*** Input data Section Begins ***

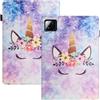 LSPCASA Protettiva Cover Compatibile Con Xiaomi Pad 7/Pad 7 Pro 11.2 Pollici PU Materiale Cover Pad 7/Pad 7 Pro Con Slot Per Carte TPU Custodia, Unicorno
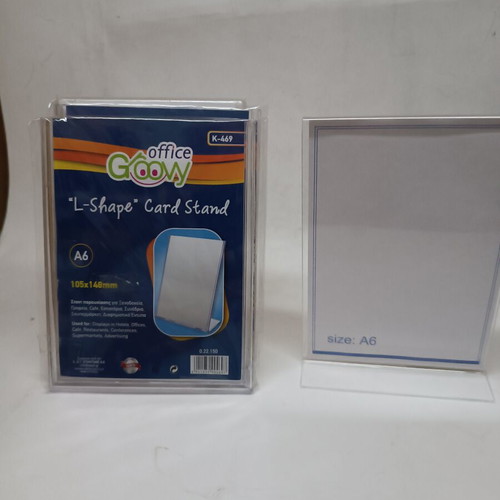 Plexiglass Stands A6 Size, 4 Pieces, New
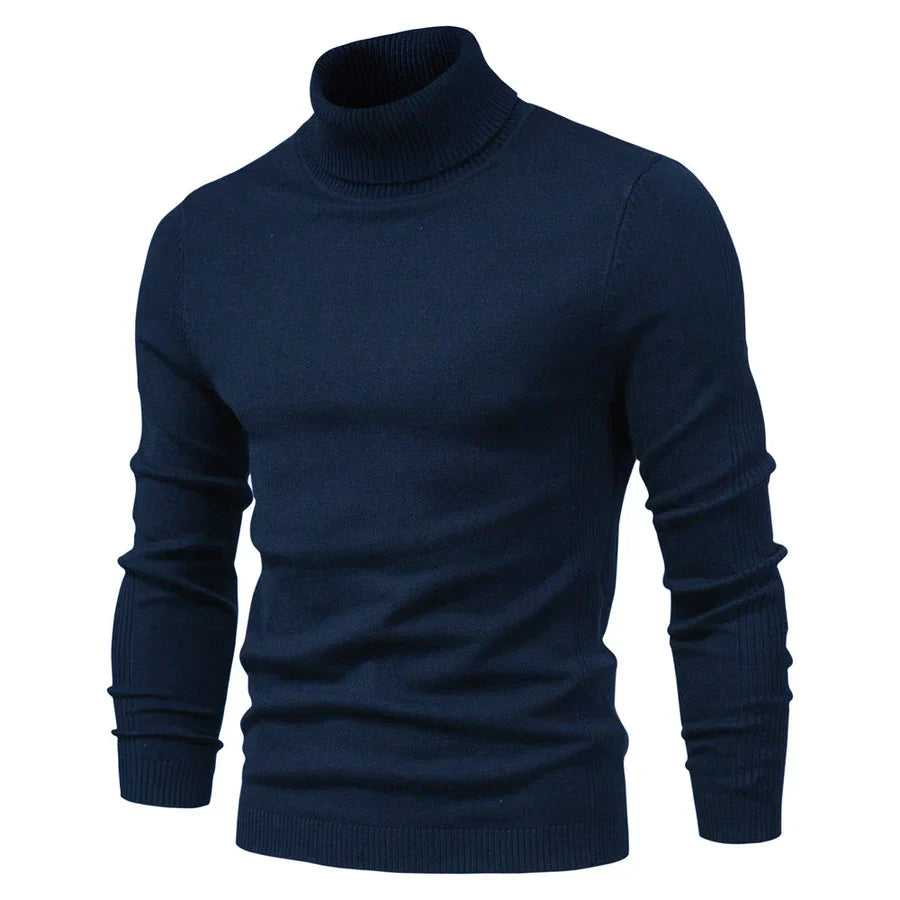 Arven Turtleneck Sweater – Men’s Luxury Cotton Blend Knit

*** Input data Section Ends ***

--- Problem details ---
Once the pictures are set aside, please reproduce the remaining material word for word.

--- Written reply ---
 LSPCASA Protettiva Cover Compatibile Con Xiaomi Pad 7/Pad 7 Pro 11.2 Pollici PU Materiale Cover Pad 7/Pad 7 Pro Con Slot Per Carte TPU Custodia, Unicorno
 Plexiglass Stands A6 Size, 4 Pieces, New
 Arven Turtleneck Sweater – Men’s Luxury Cotton Blend Knit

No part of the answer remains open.